### Data for this task
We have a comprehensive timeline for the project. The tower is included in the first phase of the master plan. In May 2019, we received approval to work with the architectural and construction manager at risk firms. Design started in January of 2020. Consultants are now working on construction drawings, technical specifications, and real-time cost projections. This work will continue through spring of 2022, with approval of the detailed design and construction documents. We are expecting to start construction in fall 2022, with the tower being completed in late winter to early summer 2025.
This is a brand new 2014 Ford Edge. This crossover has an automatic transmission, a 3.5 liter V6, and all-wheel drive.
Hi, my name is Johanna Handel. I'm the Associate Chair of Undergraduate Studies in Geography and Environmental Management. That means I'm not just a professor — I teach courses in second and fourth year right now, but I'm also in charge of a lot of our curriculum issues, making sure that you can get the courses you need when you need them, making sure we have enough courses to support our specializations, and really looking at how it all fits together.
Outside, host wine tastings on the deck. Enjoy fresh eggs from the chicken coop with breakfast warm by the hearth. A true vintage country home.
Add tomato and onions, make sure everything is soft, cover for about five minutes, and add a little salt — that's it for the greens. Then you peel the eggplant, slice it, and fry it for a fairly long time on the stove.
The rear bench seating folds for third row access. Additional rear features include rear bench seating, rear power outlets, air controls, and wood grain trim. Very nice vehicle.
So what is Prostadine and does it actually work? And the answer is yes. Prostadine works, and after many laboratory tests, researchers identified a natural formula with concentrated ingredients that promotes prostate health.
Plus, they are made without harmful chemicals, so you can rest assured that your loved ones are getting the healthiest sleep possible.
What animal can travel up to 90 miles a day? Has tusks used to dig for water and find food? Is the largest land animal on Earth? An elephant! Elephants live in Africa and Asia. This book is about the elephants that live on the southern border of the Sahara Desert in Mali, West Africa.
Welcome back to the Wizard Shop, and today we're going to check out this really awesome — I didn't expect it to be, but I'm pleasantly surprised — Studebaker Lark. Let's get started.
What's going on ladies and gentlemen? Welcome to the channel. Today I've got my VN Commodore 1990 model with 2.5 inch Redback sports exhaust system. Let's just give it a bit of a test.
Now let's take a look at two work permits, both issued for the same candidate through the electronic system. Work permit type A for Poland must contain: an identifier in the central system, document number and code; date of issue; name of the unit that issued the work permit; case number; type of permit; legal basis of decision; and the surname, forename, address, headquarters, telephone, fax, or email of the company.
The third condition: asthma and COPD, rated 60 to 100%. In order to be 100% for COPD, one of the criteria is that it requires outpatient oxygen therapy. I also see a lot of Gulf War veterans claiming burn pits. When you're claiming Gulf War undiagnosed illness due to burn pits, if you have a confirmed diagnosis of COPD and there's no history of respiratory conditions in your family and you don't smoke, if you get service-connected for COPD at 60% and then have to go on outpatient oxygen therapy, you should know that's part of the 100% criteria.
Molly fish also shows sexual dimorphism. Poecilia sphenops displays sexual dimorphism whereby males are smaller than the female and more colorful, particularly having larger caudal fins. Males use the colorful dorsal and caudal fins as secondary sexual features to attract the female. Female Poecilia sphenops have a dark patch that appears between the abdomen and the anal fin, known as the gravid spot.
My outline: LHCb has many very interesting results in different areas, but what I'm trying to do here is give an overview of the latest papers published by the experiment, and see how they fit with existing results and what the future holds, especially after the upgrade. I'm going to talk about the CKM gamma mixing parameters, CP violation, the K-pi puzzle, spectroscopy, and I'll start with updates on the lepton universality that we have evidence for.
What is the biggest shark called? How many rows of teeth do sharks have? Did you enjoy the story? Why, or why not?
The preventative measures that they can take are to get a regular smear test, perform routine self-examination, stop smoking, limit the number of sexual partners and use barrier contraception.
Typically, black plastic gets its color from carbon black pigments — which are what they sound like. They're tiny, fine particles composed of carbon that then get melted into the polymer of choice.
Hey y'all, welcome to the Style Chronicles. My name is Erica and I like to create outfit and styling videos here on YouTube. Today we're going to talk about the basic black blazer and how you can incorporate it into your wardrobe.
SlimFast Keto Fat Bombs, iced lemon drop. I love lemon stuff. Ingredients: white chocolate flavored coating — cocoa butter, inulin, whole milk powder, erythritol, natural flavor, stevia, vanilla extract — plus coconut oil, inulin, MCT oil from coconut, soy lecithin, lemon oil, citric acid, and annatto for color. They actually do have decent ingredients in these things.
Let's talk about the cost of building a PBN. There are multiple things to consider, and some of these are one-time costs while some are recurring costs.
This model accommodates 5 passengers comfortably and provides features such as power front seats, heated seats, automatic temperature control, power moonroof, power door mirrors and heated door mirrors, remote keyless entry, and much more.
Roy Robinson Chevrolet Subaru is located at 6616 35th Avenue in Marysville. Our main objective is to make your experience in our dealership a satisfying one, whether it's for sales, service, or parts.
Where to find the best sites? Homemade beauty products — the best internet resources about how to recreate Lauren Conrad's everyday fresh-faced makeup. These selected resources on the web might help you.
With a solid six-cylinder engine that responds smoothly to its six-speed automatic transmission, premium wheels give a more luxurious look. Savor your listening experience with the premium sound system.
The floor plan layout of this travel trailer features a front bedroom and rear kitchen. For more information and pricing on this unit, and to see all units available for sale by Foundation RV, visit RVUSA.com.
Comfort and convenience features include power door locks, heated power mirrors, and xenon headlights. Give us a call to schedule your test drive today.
######
Problem statement:
The answer should consist of the lines from the first line of the entries through the line with "This is a brand", copied exactly.

Exercise solution:
We have a comprehensive timeline for the project. The tower is included in the first phase of the master plan. In May 2019, we received approval to work with the architectural and construction manager at risk firms. Design started in January of 2020. Consultants are now working on construction drawings, technical specifications, and real-time cost projections. This work will continue through spring of 2022, with approval of the detailed design and construction documents. We are expecting to start construction in fall 2022, with the tower being completed in late winter to early summer 2025.
This is a brand new 2014 Ford Edge. This crossover has an automatic transmission, a 3.5 liter V6, and all-wheel drive.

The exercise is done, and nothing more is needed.